The same applies to memory. In order to remember a message, you have to listen to it first! You can only remember what you actually hear. (And don’t tell me that the problem is your notes. Okay, yes, notes may be a factor. Our notes can always be improved, and perhaps you do have a problem with legibility/organization/writing too much or too little, etc. But here’s the thing about notes. They are there to trigger your short-term memory. But if you didn’t build that memory to begin with, your trigger is useless.)
So what stops us from listening, and therefore remembering? Well, it’s that pesky little voice distracting us, of course. The one that tells us we have to remember absolutely everything. The one that panics when the person keeps speaking. The one that knows we can remember an entire episode of Friends, but doesn’t trust us to listen to a 50-word utterance without slamming on the panic button.
I liken that voice to your cranky child in the back seat of the car. “Mom! Mom! Mom! I’M HUNGRY!” goes your beloved 4-year-old son, over and over. But you can’t pay attention the 4-year old right now. Of course, you can’t very much kick him out of the car, either, but what you can do is shut him out of your brain so you can concentrate on driving.

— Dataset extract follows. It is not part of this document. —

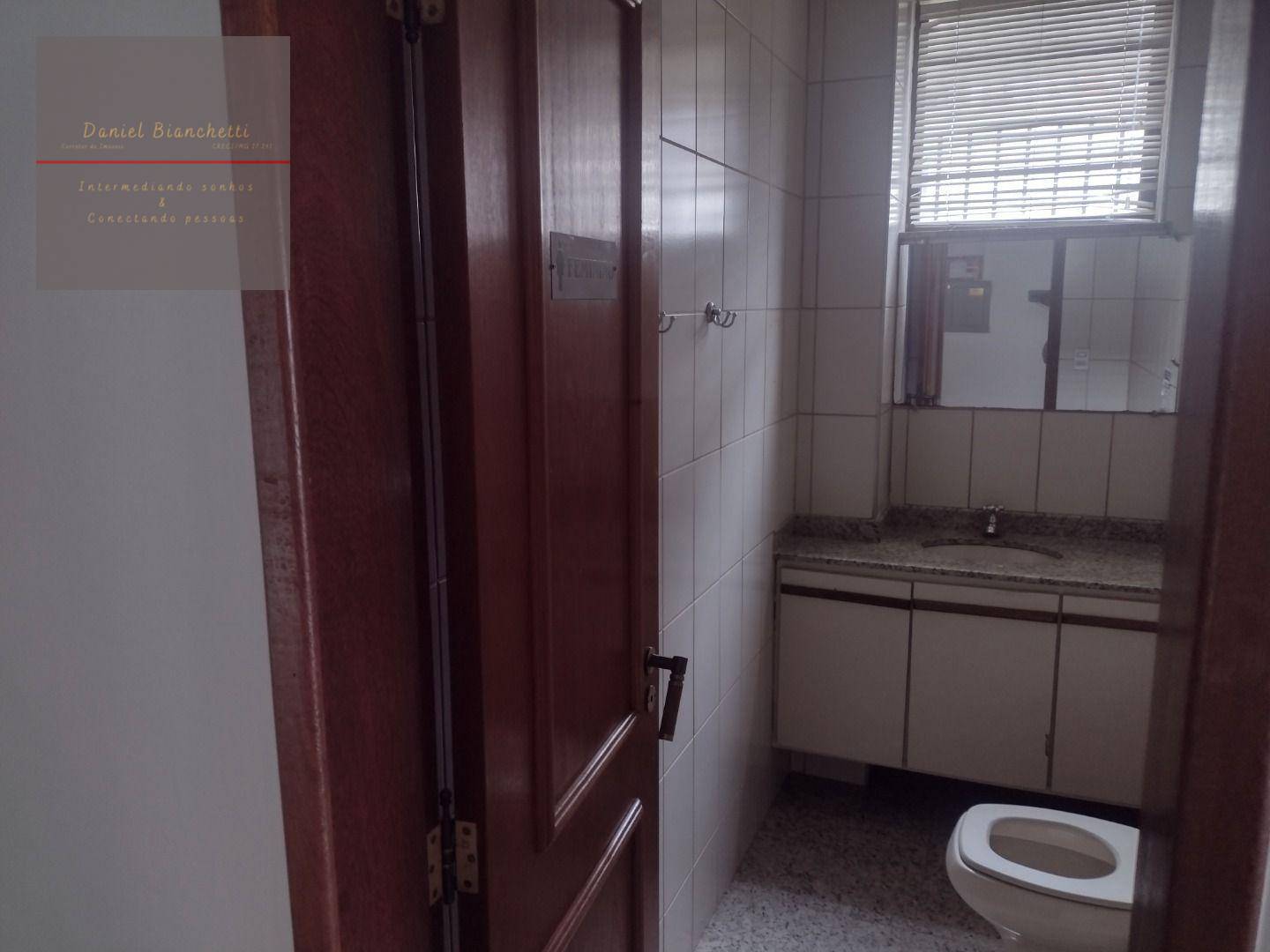 Sala-Conjunto, 150 m² - Foto 4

And so, ladies and gentlemen, I dare you to practice (because this has to be practiced. It’s way easier said than done) ignoring that voice of panic in your head. No, you can’t get rid of him completely, but you can choose not to engage him. I dare you to trust in your ability to do a fine job interpreting later, once you’ve finished listening to the message. The longer the speaker goes on, the harder you should concentrate on listening. That cranky kid in the back seat is just going to have to wait a while, and then once you get home you can feed him. Because once you’ve heard the whole message, and I mean truly heard it, interpreting will get easier. And that’s a promise.